Cloudera CDH/CDP 및 Hadoop EcoSystem, Semantic IoT등의 개발/운영 기술을 정리합니다. gooper@gooper.com로 문의 주세요.
0. root권한으로 설치하고 실제 사용은 hadoop게정이 하는 경우임.
1. hive 다운로드및 설치할 위치에 업로드
http://mirror.apache-kr.org/hive/
* apache-hive-2.0.1-bin.tar.gz를 선택하여 다운로드하여 winscp등를 이용하여 업로드한다.
2. 압축풀기
- tar xvfz apache-hive-2.0.1-bin.tar.gz
3. 링크 걸기
- ln -s apache-hive-2.0.1-bin hive
4. /etc/profile에 아래의 내용을 추가함(hive가 설치되는 모든 서버에서 실행함)
export HIVE_HOME=$HOME/hive
export PATH=$PATH:$HIVE_HOME/bin
* source /etc/profile로 반영함
* hadoop이 설치되어 있고 HADOOP_HOME의 환경변수값이 설정되어 있지 않으면
export HADOOP_HOME=<hadoop-install-dir>를 반드시 설정해줘야 함.
5. conf파일 생성
conf/*.template파일을 복사하여 각각의 설정파일을 만든다.
cp hive-env.sh.template hive-env.sh
cp hive-exec-log4j2.properties.template hive-exec-log4j2.properties
cp hive-log4j2.properties.template hive-log4j2.properties
cp hive-default.xml.template hive-site.xml (파일의 이름이 hive-default.xml.template에서hive-site.xml로 변경됨)
cp beeline-log4j2.properties.template beeline-log4j2.properties
6. hive에서 사용할 HDFS에 디렉토리 구성및 권한부여
hadoop fs -mkdir /tmp
hadoop fs -mkdir /user/hive
hadoop fs -mkdir /user/hive/warehouse
hadoop fs -chmod g+w /tmp
hadoop fs -chmod g+w /user/hive/warehouse
hadoop fs -chown hadoop:hadoop /user/hive
hadoop fs -chown hadoop:hadoop /user/hive/warehouse
7. mysql 혹은 mariadb설치(필요시, 최초한번)
root@master:/usr/local# apt-get install mysql-server
(404오류가발생시 https://www.gooper.com/ss/index.php?mid=bigdata&category=2772&document_srl=2995를 참조하여 조치후 설치한다)

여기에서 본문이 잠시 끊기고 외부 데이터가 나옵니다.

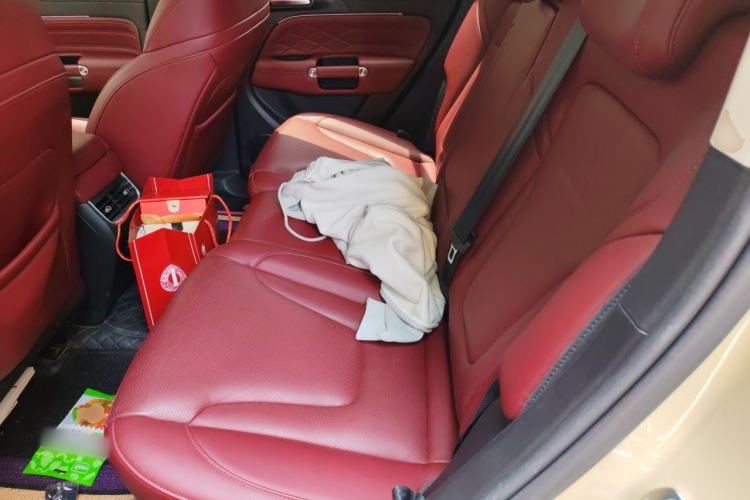Used Tank 300 2025 2.0T Conqueror Left Rear Seat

8. db생성(mysql의 db생성등의 권한이 있는 계정으로 실행)
mysql> create database hive_metastore_db;
Query OK, 1 row affected (0.00 sec)
9. 사용자 생성및 원격 접속 가능하도록 설정
가. mysql> grant all privileges on *.* to 'hive'@'localhost' identified by '패스워드' with grant option;
Query OK, 0 rows affected (0.00 sec)
나. mysql>grant all privileges on *.* to 'hive'@'%' identified by '패스워드' with grant option;
다. grant all privileges on hive_metastore_db.* to 'hive'@'%' identified by '패스워드';
* 확인
mysql> select host from mysql.user where user='hive';
+-----------+
| host |
+-----------+
| % |
| localhost |
+-----------+
2 rows in set (0.00 sec)
10. 테이블 생성 스크립트 원격 실행($HOmE/hive/scripts/metastore/upgrade밑에 있는 스크립트를 이용한다)

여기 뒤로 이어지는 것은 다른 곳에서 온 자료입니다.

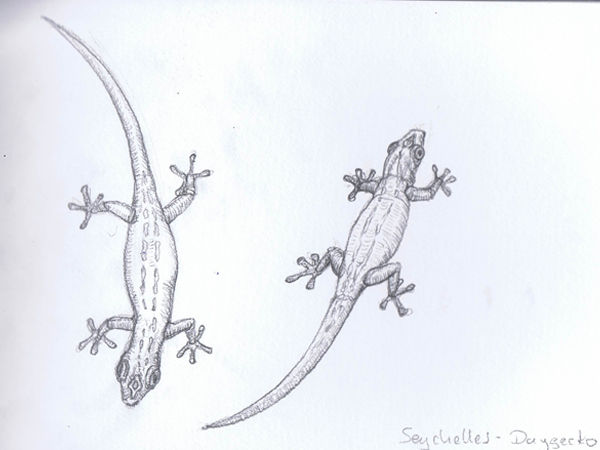 Reiseskizzen Seychellen mnutzDesign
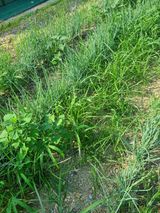 팜모닝 기타작물·자유게시판 게시글 이미지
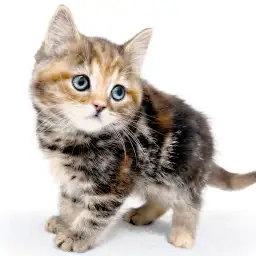 アメリカンショートヘア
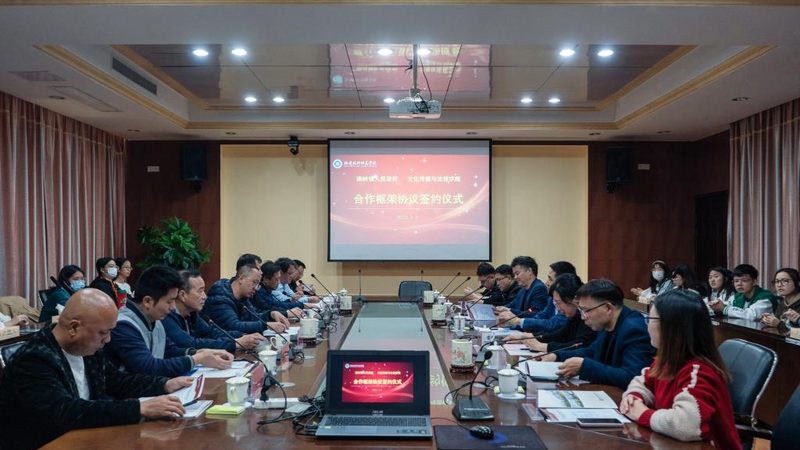 成都抖音媒介投放报价：揭秘背后的逻辑与策略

$HOME/hive/scripts/metastore/upgrade/mysql>
mysql --host=so-db1 --port=3306 -u root -p패스워드 hive_metastore_db < hive-schema-2.0.0.mysql.sql
다른 방법으로 아래와 같이 사용할 수 있음(13번 항목이 설정된 다음에 실행가능함)
* ./bin/schematool -initSchema -dbType mysql -verbose 을 사용하여 metastore의 초기화를 수행할 수 있음
* ./bin/schematool -info -dbType mysql을 사용하면 설정된 정보를 확인할 수 있음
11. mysql connector를 다운로드하여 $HIVE_HOME/lib에 복사
(http://www.mysql.com/downloads/connector/j/에서 다운로드하여 압축해제후 mariadb-java-client-1.5.9.jar를 $HIVE_HOME/lib에 복사)

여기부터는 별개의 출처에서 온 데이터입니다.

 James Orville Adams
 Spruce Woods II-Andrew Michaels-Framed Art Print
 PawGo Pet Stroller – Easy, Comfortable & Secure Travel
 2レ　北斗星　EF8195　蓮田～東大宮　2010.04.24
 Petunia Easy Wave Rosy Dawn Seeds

12. $HIVE_HOME/conf/hive-env.sh에서 hadoop위치를 지정해준다.
# Set HADOOP_HOME to point to a specific hadoop install directory
# HADOOP_HOME=${bin}/../../hadoop
HADOOP_HOME=$HOME/hadoop
13. $HIVE_HOME/conf의 hive-site.xml에 아래를 추가 혹은 변경한다.
<configuration>
<property>
<name>javax.jdo.option.ConnectionURL</name>
<value>jdbc:mysql://localhost:3306/hive_metastore_db?createDatabaseIfNotExist=true</value>
<description>JDBC connect string for a JDBC metastore</description>
</property>
<property>
<name>javax.jdo.option.ConnectionDriverName</name>
<!-- mysql의 경우(예, mysql-connector-java-5.1.39-bin.jar) -->
<!-- value>com.mysql.jdbc.Driver</value -->
<!-- mariadb의 경우(예, mariadb-java-client-1.5.4.jar) -->
<value>org.mariadb.jdbc.Driver</value>
<description>Driver class name for a JDBC metastore</description>
</property>
<property>
<name>javax.jdo.option.ConnectionUserName</name>
<value>hive</value>
<description>username to use against metastore database</description>
</property>
<property>
<name>javax.jdo.option.ConnectionPassword</name>
<value>패스워드</value>
<description>password to use against metastore database</description>
</property>
<property>
<name>hive.metastore.port</name>
<value>33306</value>
<description>Hive metastore listener port</description>
</property>
</configuration>
*hive-site.xml의 아래항목의 값을 아래와 같이 변경해준다(default로 설정된 값으로 쓰면 오류가 발생한다)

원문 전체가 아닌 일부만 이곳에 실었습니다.